For some strange reason, even though the size of portions during lunch and dinner is not remarkable, New Zealand breakfasts are enormous, and a solid breakfast is often more than sufficient to tide you through to dinner, unless you have a robust appetite. My stack of pancakes with banana slices, whipped cream and maple syrup was delicious, but oddly came paired with some rashers of bacon, which apparently is also what they do in the US. Oil and fat simply do not mix very well with sugar and fruit, so I can't really understand the logic behind this.
S had a nice big breakfast with buttery toast, fried eggs, and creamy mushrooms, and served with sweet grilled tomatoes. A rich, hearty meal that ensures you start your day with plenty of energy; enough, for instance, to tackle the Grade 4 rapids we were soon to encounter.
1111 Tutanekai Street
Tel: +64 07 349 1551
After a good three or four hours of rafting, we showered and freshened up, and got ready to head out to dinner. I had made a reservation at the Aorangi Peak Restaurant, as all the reviews promised fabulous views across Lake Rotorua, but I was quite concerned at some of the photos I saw, which revealed tacky 80s decor and crockery. I was afraid the food would be equally dated, and wondered whether I was making the right choice, particularly as there were still so many unexplored restaurants in town along Tutanekai Street.
Being located atop a small mountain does, however, have its advantages, such as being able to watch the local wildlife play and gambol amidst the lushness. We saw rabbits, a herd of deer, and even a stately bull make their way across the meadow that was located just beyond the restaurant's boundaries.
In addition, the restaurant has a pair of friendly alpacas that wander freely about the grounds, and which diners can feed (remember to wash your hands afterward) - I imagine they must be a hit with children, and adults can take in the spectacular view on the veranda, where there is a small gazebo which is, presumably, used for weddings, given the amazing vista of all of Rotorua laid out below.

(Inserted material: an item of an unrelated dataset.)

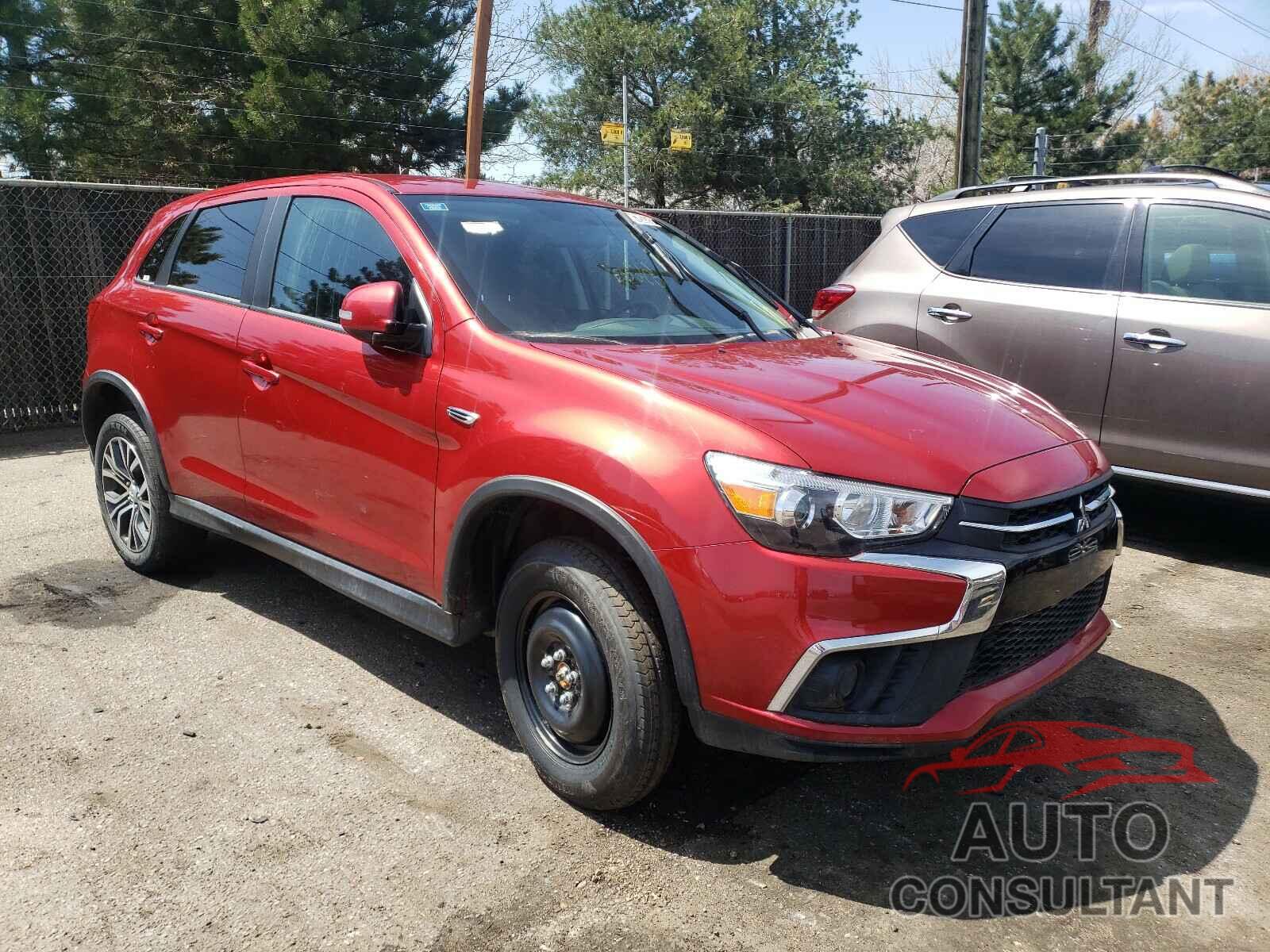 MITSUBISHI OUTLANDER 2019 - JA4AR3AU1KU017182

In terms of food, however, the restaurant had some decidedly bizarre offerings. I do not believe I have, for instance, ever had a duck confit as an appetiser. Although the duck had been suitably slow-cooked, the skin of the duck had not, however, been adequately crisped up in an oven or on a stove, and as a result the skin, instead of being delectably crispy, was somewhat limp and soggy. The salad was fairly fresh, but could really have done with more dressing.
S's starter was even weirder - sushi in a Western restaurant? It reminded me of an episode from Gordon Ramsay's Kitchen Nightmares, and I didn't take very much. It wasn't that bad though, and it was the closest thing to Asian food we'd had in a while.
S's fish filet looked much more traditional - floured and fried, served with a white cream sauce and some vibrantly coloured vegetables for contrast.
I, on the other hand, had gone the whole hog (or duck, rather), and ordered a duck breast as my main course, which turned out to be a mistake. Not only was it rather excessive to have duck for two consecutive courses, the kitchen had also decided to give me a second drumstick, in addition to the breast meat. This may have been in compensation for overcooking my duck breast, because I discovered to my dismay that it certainly was not pink, but a rather dry shade of brown.
Dessert was supposed to have been a chocolate fondant, but the liquid chocolate was far too thin, making it a far cry from the familiar, comforting molten chocolate cakes we so often take for granted.
Notwithstanding the spectacular view, therefore, the restaurant presented more misses than hits, although I suppose it is no doubt a romantic getaway on a Saturday night, or a fun outing for families on a Sunday afternoon.